December 05, 2004

Semen, green rice and the rate of internet decay

Hanzi Smatter is a blog "[d]edicated to the misuse of Chinese characters (Hanzi or Kanji) in Western culture". For those of us who are ignorant of Chinese characters in all their forms, it's especially nice that characters cited are identified with links to the Unihan database. For example, an entry from December 1 pictures someone who meant to tattoo (jing1) "essence, semen, spirit " on his elbows, but by splitting the character into the two radicals (mi3) "uncooked rice" and (qing1 or jing1) "blue, green, black; young", managed instead to display "green rice".

You can find the same character discussed on the zhongwen.com website here, where the semantic part (mǐ , i.e. mi3, mi with third tone) is glossed as "rice" or "kernel", and the phonetic part (qīng, i.e. qing1, quing with first tone) is glossed as "color of lush growth that burns red", "green, blue", or "young".

The zhongwen.com site also provides a list of relevant cross-reference links for each character, e.g. here for the original jing1 "essence", but unfortunately most of the links are broken. Of the 16 links given as cross-references for jing1, only 4 worked for me: an animated display of the character being drawn, a corresponding Cantonese entry, the entry in an etymological database, and AltaVista search for the character.
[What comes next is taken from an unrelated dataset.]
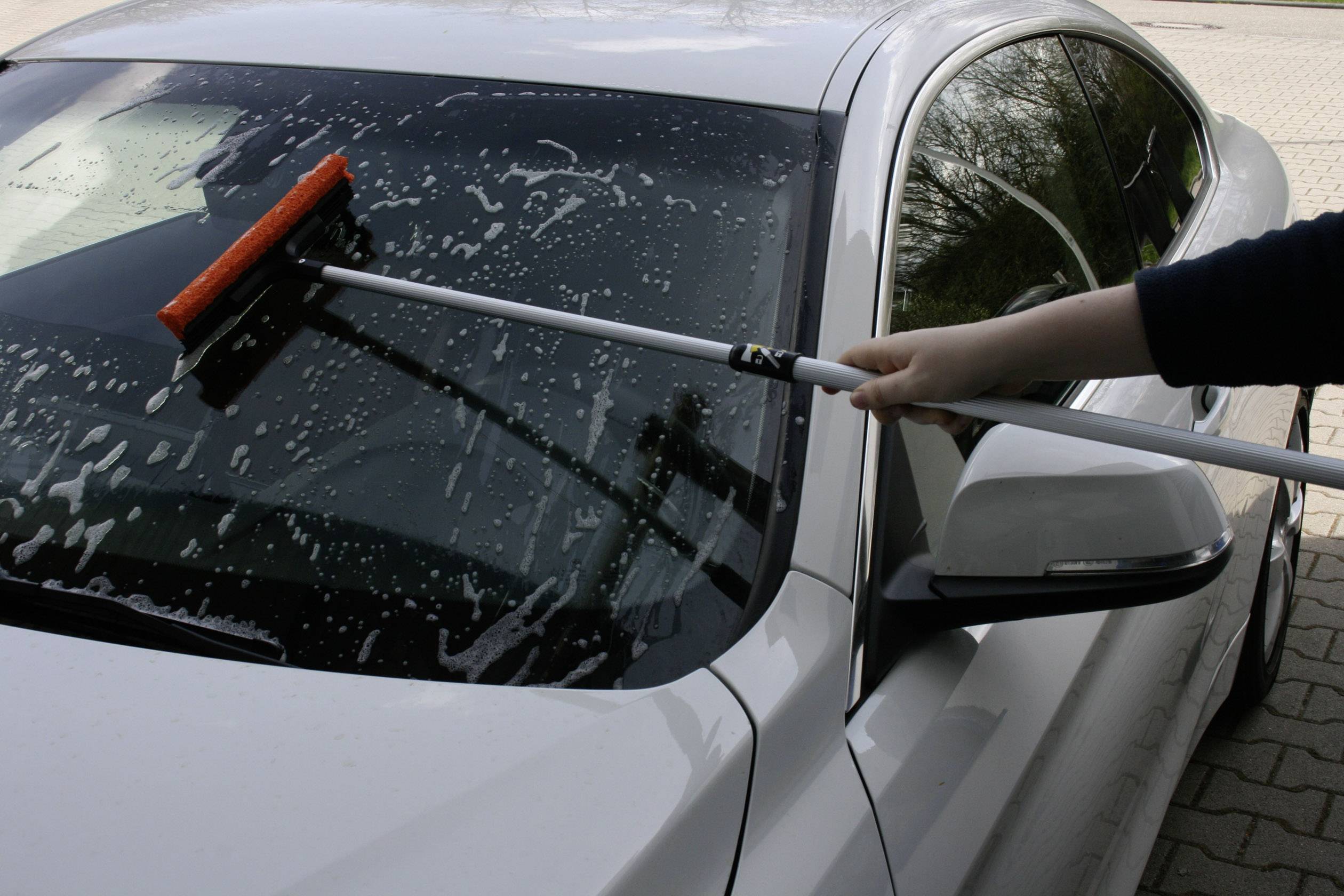 Een persoon reinigt de voorruit van een witte auto met een lange bezem op een parkeerplaats.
The Foreword to Web Version says that zhongwen.com "was created in the fall of 1996". If 25% of links are still active after 8 years, a simple model of internet decay would say that the average rate of link preservation per year is .25^(1/8) = 0.84. That's quite a bit better than the rate of link rot that I generally see when I update the links in my on-line course lecture notes each year (say for the intro linguistics course ling 001), but the zhongwen.com links are mostly to big lexicographical reference sites, which are likely to be more stable. I guess it's also likely that the author of the zhongwen.com site, Rick Harbaugh, has updated some of the references since 1996 -- the site's copyright notice says 1995-2003 -- which would bring the yearly retention rate back down towards the .6 or so that I'm used to seeing.
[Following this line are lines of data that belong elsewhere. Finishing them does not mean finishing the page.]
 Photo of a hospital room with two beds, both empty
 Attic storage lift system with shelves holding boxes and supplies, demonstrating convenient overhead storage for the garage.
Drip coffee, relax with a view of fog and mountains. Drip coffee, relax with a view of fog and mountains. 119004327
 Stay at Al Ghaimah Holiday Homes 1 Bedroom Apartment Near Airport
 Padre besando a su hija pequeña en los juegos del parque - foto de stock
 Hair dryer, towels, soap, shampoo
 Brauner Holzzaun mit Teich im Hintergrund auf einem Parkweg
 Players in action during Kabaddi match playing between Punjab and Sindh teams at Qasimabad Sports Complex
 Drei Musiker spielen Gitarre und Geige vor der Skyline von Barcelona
All the same, even a link retention rate as high as .84 means that internet cross-references become useless on a time scale that's small compared to the traditional life cycle of scholarship. After 10 years, only 18% of references would still be valid. After 16 years -- that's how long it's been since the 2nd edition of the OED was published in 1989 -- only 6 percent of the links would still work. After 76 years -- the time elapsed since the first edition of the OED in 1928 -- only about 2 links in a million would be valid.

In my opinion, it's past time for the creators of serious content on the web to start using something like the DOI system to establish stable links. This would solve a portion of the problem in a way that doesn't require authors of sites with cross-reference links to run fast just to stay in one place. Some of the dead links at zhongwen.com are to content that is still on the web, but can't be accessed at the old URLs because sites have been moved or internally reorganized or both. For example, the links to the the CEDICT and unicode database entries are of this type. There's still another piece of the problem, though -- sometimes content just goes dark, because the provider moves on, in some sense or another of that phrase. We don't evaporate all copies of a book when the author retires or dies, and the Internet Archive offers one model of how to retain web content in a library-like fashion. However, it's far from clear (at least to me) how to integrate one or more systems of stable links with one or more systems of archival storage. I also worry about other problems, for example the trend towards dynamically-composed rather than static content, where effective archiving may require access to a compatible version of time-varying programs of various sorts.

So the optimistic side of things is that a site like Hanzi Smatter is now easy to set up, and can easily display not only photographs but also Chinese characters in any reasonably compliant browsing environment, and can link to marvelously informative external pages on each of the characters discussed. Zhongwen.com was obviously harder to set up -- for example, the author had to use gifs instead of character codes because browser and OS technology was not reliably able to deal with Chinese characters as text rather than as images. Nevertheless he did it, and also provided an extraordinary range of systematic external as well as within-site links. The worm in the apple: most of the external links are now dead, just a few years later.